A professora ressalta que, os brasileiros sempre investiram no conforto da renda fixa, onde não há riscos porque existe o respaldo do Fundo Garantidor de Créditos (FGC). “Quando estamos falando da aposentadoria ou imóveis, o seu dinheiro precisa render acima da inflação. Nós nunca aprendemos isso, então é um novo paradigma para todo cidadão brasileiro que lida com investimento”, explica. Ela lembra que, se a inflação voltar a subir daqui para frente, como vem acontecendo neste fim de ano, o poder de compra da população vai diminuindo cada vez mais. “Isso é um convite para buscar investimentos que dão uma rentabilidade maior”, aconselha.
Myrian cita três riscos dos investimentos que ela acredita que o brasileiro deve enfrentar com esse novo panorama e que exigem pesquisa e planejamento para quem for investir na renda variável. O primeiro deles é o de não ter liquidez diária, ou seja, a falta do recurso para uma emergência. O segundo risco é o de crédito, ou seja, a possibilidade de perdas associadas ao não cumprimento pela contraparte. E, por último, o risco de mercado, o mais característico da renda variável, onde a rentabilidade fica a mercê das variações do mercado financeiro."Com a taxa básica em 4,5% ao ano, ele vai precisar aplicar parte dos recurso em investimentos que tenham mais risco do que ele antes fazia"
Marcos Sarmento Melo, diretor da Valorum Gestão Financeira
Para 2020, a professora da FGV acredita que o brasileiro precisará estudar mais a situação econômica do país. “A lição seria a de não colocar todos os ovos na mesma cesta, por isso que temos que aprender a investir de formas variadas para poder ganhar um pouco mais”, destaca.
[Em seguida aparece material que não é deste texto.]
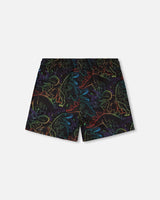 Deux par Deux Swim Trunks Black Dinosaur Print vendu par Veille sur toi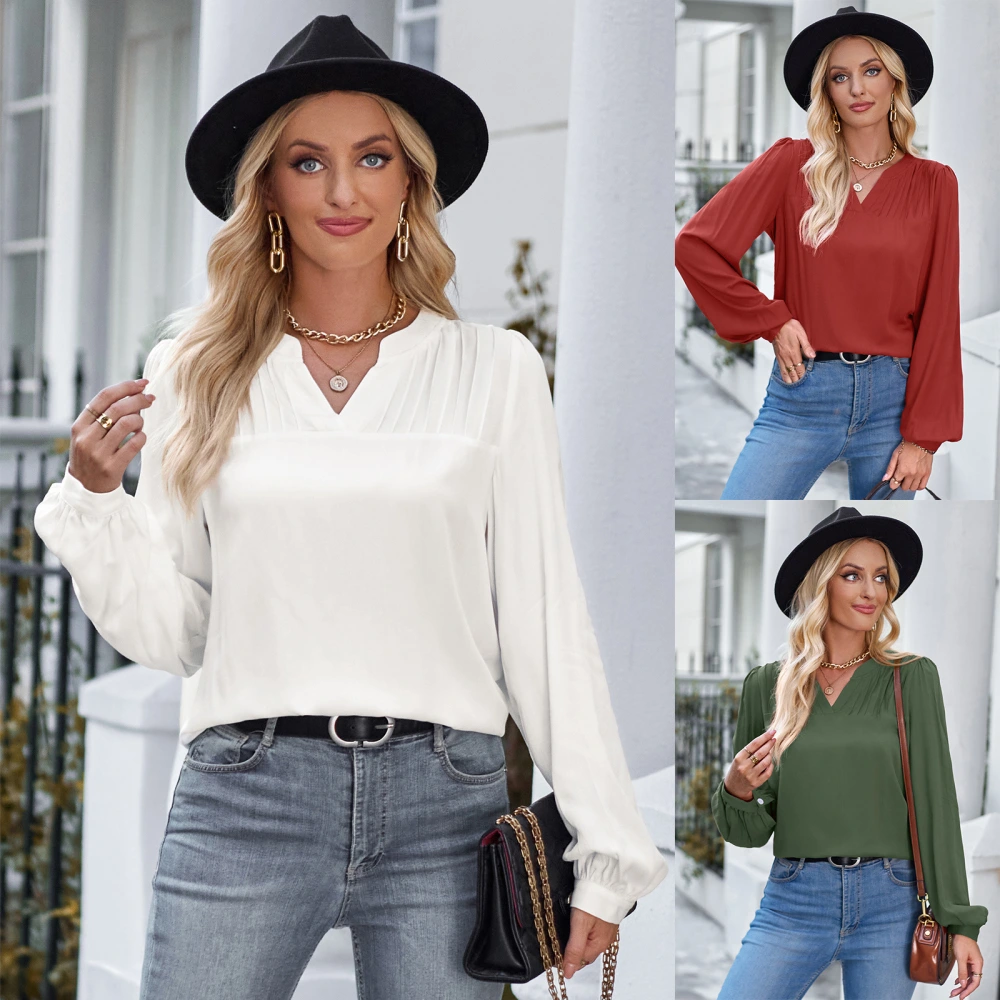 European And American Leisure V-neck Slim-fit Solid Color Trendy Long-sleeve Shirt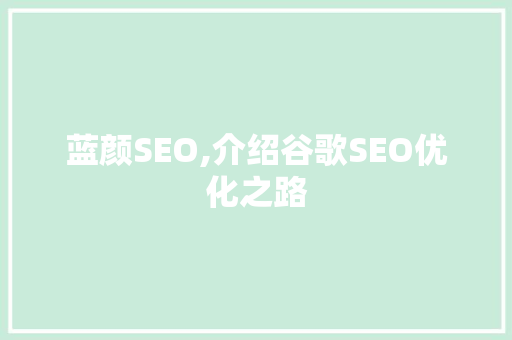 蓝颜SEO,介绍谷歌SEO优化之路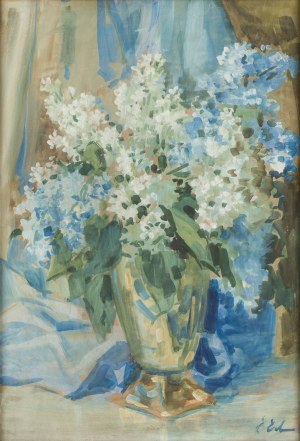 Erno Erb (1878 Lviv (?) - 1943 Lviv), Lilacs in a vase
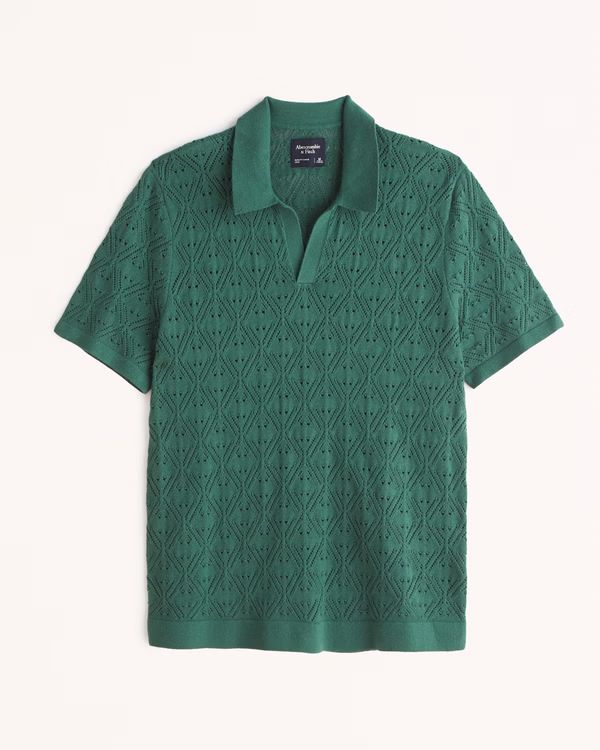 Striped Johnny Collar Sweater Polo | Abercrombie & Fitch (US)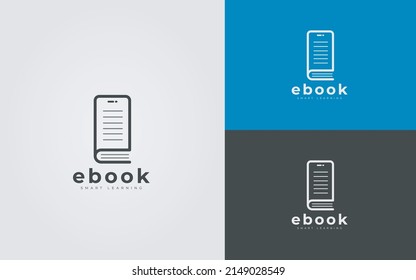 Logo Design Concept For eBook, Online Education, E-Learning. Minimal Education Logo Template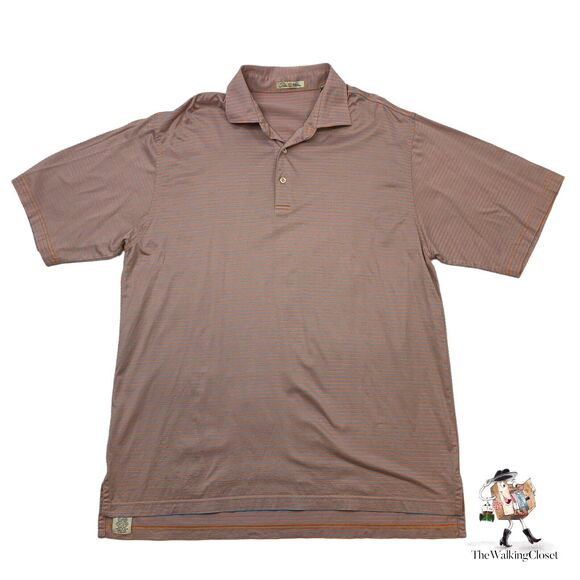 Peter Millar Polo Shirt Mens L Large Orange Blue Striped Soft Mercerized Cotton - Picture 1 of 7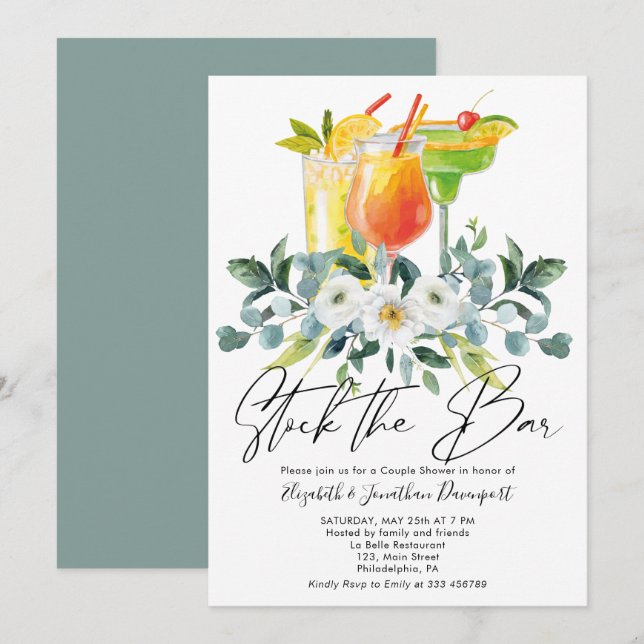 Couple Shower Cocktail Drinks Floral Invitation (Front/Back)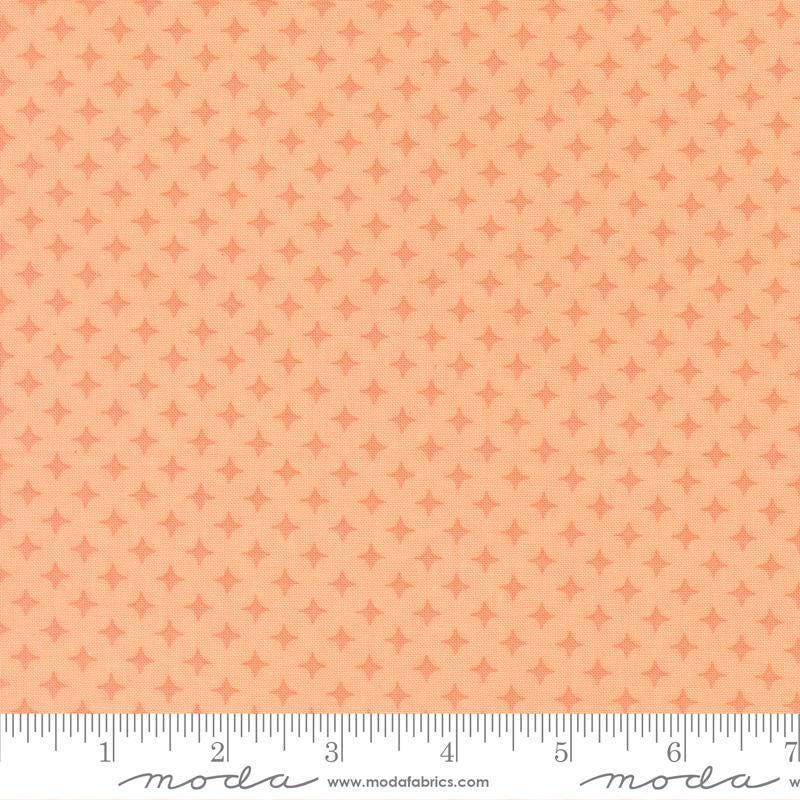 Image of Scenery Diamonds Cantaloupe quilting cotton fabric by Elizabeth Hartman for Moda Fabrics. Features a geometric pattern on an orange background. Cute Little Fabric Shop.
Opção por fundos imobiliários
A professora de educação física Lorena Cruz, de 29 anos, conta que, em 2017, outro professor falou com ela sobre o teto da Previdência e ela percebeu que se aposentaria ganhando menos dinheiro do que o previsto investindo apenas em renda fixa. A partir daí, começou a ir atrás de informações sobre investimentos na internet. “Na renda fixa eu percebi que demoraria muito para ter algum retorno, aí eu comecei a ter pressa e fui para a renda variável”, afirma.Lorena procurou aplicações em ações e em fundos imobiliários para substituir os investimentos em renda fixa que havia feito anteriormente. “Gostaria de ter me preocupado com isso desde a adolescência. Eu comecei dessa forma porque era menos arriscado. Agora, com a taxa Selic caindo, percebi que demoraria muito para obter um rendimento muito baixo”, compara. Segundo a professora, os riscos valem a pena para tentar construir uma aposentadoria melhor.
Marcos Sarmento Melo, diretor da Valorum Gestão Financeira, acredita que os desafios para 2020 para os investidores estão totalmente ligados à taxa de juros, que devem influenciar muito na tomada de decisão no ano. “Com a taxa básica em 4,5% ao ano, ele vai precisar aplicar parte dos recurso em investimentos que tenham mais risco do que ele antes fazia.”
Expectativa com a queda da Selic
Os custos do crédito no mercado financeiro ainda não acompanharam o ritmo de redução da taxa básica da economia, Selic, que caiu para menos da metade do que estava em 2016, de 14,25% ao ano, para 4,5%, atualmente. Uma das dúvidas do mercado é se finalmente o spread bancário (que inclui a margem de lucro, impostos e os custos das instituições financeiras) vai cair ou não a partir de 2020. Credito mais barato será positivo para a retomada da economia, renegociação de dívidas e será um estímulo para a casa própria.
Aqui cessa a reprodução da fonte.